In the 1980s LaRouche's political rhetoric and accusations grew more detached from generally accepted reality. Hitler had been a British agent. Queen Elizabeth was a drug runner. Menachem Begin was a Nazi. The Beatles were "a product shaped according to British Psychological Warfare Division specifications." Both Communism or Fascism were facets of the great overarching conspiracy of the "Synarchy," an oligarchical network of financiers and manipulators who rule the world. Only LaRouche and his "humanist elite" fully understood this vast conspiracy, and possessed the willpower and knowledge to withstand it. LaRouche's personal egotism is a significant force driving his politics. In 1979 he wrote: "My principal accomplishment is that of being, by a large margin of advantage, the leading economist of the twentieth century to date."

Some of LaRouche's conspiracy theories appear to border on self-parody, "Who is pushing the world toward war?" he asked in 1981. "It is the forces behind the World Wildlife Fund, the Club of Rome, and the heritage of H. G. Wells and the evil Bertrand Russell."

The 1970s

LaRouche had forecast the breakdown of the Bretton Woods system, and following August 15-16, 1971, when President Richard Nixon made the decision to "float" the dollar, effectively ending the Bretton Woods System as originally conceived, there was a major wave of recruitment to the NCLC. LaRouche charged that the powerful financial institutions (such as the International Monetary Fund) were committed to a policy of looting the living standards of the world's populations through austerity and speculation, while contracting the actual productive base of these economies -- a policy that he claimed was a revival of the economic approach of German Finance Minister Hjalmar Schacht, who held office both before and during the Nazi government of Adolf Hitler. On December 2 of that year, LaRouche had what was to be his first, and only, public encounter with a representative of the academic establishment: a debate at New York's Queens College with a leading Keynesian, Professor Abba Lerner.

LaRouche claims that, following this encounter, the Establishment and its press organs made a collective decision that never again would they debate LaRouche or his ideas, but instead would brand him a fascist-- which was, of course, the charge he was making against them. LaRouche insists that a further expression of this policy was announced in a September 24, 1976 op-ed by Stephen Rosenfeld in the Washington Post, entitled "NCLC: A Domestic Political Menace," in which he set out a media policy for dealing with LaRouche: "We of the press should be chary of offering them print or air time. There is no reason to be too delicate about it: Every day we decide whose voices to relay. A duplicitous violence prone group with fascistic proclivities should not be presented to the public unless there is reason to present it in those terms."

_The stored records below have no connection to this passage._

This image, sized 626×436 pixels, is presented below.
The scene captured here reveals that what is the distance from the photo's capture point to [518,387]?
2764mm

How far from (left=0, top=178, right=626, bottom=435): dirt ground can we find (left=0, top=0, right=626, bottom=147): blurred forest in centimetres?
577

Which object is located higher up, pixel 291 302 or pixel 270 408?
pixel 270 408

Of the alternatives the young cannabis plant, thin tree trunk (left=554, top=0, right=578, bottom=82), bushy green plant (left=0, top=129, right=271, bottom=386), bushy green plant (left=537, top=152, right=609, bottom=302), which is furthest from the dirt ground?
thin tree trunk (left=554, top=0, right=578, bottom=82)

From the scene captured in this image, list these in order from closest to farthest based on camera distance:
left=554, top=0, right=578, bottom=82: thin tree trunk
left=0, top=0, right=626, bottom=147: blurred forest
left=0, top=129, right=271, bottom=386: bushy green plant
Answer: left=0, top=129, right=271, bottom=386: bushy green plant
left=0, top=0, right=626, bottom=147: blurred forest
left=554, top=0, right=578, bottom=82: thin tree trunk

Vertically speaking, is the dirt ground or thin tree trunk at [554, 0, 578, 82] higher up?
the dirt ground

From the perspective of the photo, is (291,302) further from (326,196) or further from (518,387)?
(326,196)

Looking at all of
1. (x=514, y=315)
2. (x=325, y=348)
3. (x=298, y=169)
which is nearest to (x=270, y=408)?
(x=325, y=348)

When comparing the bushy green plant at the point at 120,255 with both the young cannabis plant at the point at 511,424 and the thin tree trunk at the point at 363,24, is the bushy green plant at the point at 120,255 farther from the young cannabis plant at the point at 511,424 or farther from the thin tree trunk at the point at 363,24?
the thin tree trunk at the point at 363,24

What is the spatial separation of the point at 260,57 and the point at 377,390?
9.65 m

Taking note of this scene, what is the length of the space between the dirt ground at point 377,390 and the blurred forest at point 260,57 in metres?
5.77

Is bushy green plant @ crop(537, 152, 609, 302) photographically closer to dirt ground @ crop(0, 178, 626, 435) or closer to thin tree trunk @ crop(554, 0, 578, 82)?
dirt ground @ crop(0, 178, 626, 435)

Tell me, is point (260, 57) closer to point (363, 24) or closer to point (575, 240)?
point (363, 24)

During this period, conflicts increasingly arose between the NCLC and other leftist groupings, which culminated in a series of violent altercations between the NCLC and the Communist Party, which have been referred to as "Operation Mop-up." Stories appeared in the press [1], in which CPUSA members and others charged that these were unprovoked attacks, initiated by the NCLC. The CPUSA and other Left organizations began to denounce LaRouche and the NCLC as fascists. The NCLC charged that the CPUSA intitiated the attacks, and produced an FBI airtel, obtained through the Freedom of Information Act (FOIA), from the FBI station head in New York City, written to national headquarters on November 23, 1973. It states that the FBI had noted that the "CPUSA is conducting an extensive background investigation" of LaRouche, "for the purpose of ultimately eliminating him." The memo states the intention of the N.Y. FBI office, to "facilitate" the CPUSA in this endeavor [2].

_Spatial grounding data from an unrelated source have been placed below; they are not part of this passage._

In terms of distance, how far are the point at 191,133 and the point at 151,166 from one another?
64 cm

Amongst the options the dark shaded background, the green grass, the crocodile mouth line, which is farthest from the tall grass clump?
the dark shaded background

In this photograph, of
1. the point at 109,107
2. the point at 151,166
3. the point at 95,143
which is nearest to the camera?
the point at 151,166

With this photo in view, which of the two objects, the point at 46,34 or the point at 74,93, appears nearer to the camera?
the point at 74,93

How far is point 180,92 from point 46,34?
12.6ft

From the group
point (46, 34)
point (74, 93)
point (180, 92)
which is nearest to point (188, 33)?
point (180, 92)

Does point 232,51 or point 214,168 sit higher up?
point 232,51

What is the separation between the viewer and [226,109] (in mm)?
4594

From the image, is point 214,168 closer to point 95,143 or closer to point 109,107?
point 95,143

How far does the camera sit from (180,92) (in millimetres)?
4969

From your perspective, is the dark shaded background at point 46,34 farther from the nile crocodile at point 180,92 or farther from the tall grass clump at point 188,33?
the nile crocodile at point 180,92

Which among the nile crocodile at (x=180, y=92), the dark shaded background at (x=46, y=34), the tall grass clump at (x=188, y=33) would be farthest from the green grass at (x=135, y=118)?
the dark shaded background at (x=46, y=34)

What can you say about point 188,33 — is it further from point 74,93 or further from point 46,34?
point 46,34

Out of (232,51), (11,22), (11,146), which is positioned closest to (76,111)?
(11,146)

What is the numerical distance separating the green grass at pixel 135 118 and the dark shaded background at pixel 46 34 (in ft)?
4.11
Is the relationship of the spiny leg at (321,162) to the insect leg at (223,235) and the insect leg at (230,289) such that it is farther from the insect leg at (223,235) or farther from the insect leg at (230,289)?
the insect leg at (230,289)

In the mid-1970s, LaRouche began to meet with leaders of Third World nations to discuss a reform of the international monetary system. LaRouche maintained that institutions such as the International Monetary Fund were suppressing the development of these nations, saddling them with a fraudulent debt burden, and re-imposing a disguised version of colonialism, forcing these nations to provide cheap labor and raw materials. Following a trip to Iraq and Israel in 1975, LaRouche proposed an International Development Bank to supercede the I.M.F.; on September 8, 1975, LaRouche's proposal for debt moratoria was presented to the United Nations General Assembly by Dr. Frederick Wills, Foreign Minister of Guyana, and then discussed in August of the following year at the Colombo, Sri Lanka conference of the Non-Aligned Movement. During this period, branches of the LaRouche movement were founded throughout Western Europe and Ibero-America, as well as in India.

By this time, LaRouche had begun to abandon the idea of presenting his theories in a Marxist context. He changed his assessment that Capitalism was the agency blocking the scientific and cultural advances that he maintained were necessary for economic progress; instead, he began to focus on an oligarchic principle which he said pre-dated capitalism, and which was active within the COMECON countries as well. NCLC researchers began to investigate a current of economic thought, prevalent in the U.S. during the 18th and 19th centuries, called the American System, and LaRouche adopted the view that this current was superior to both British-style free trade (or Laissez-faire), and to Marxism.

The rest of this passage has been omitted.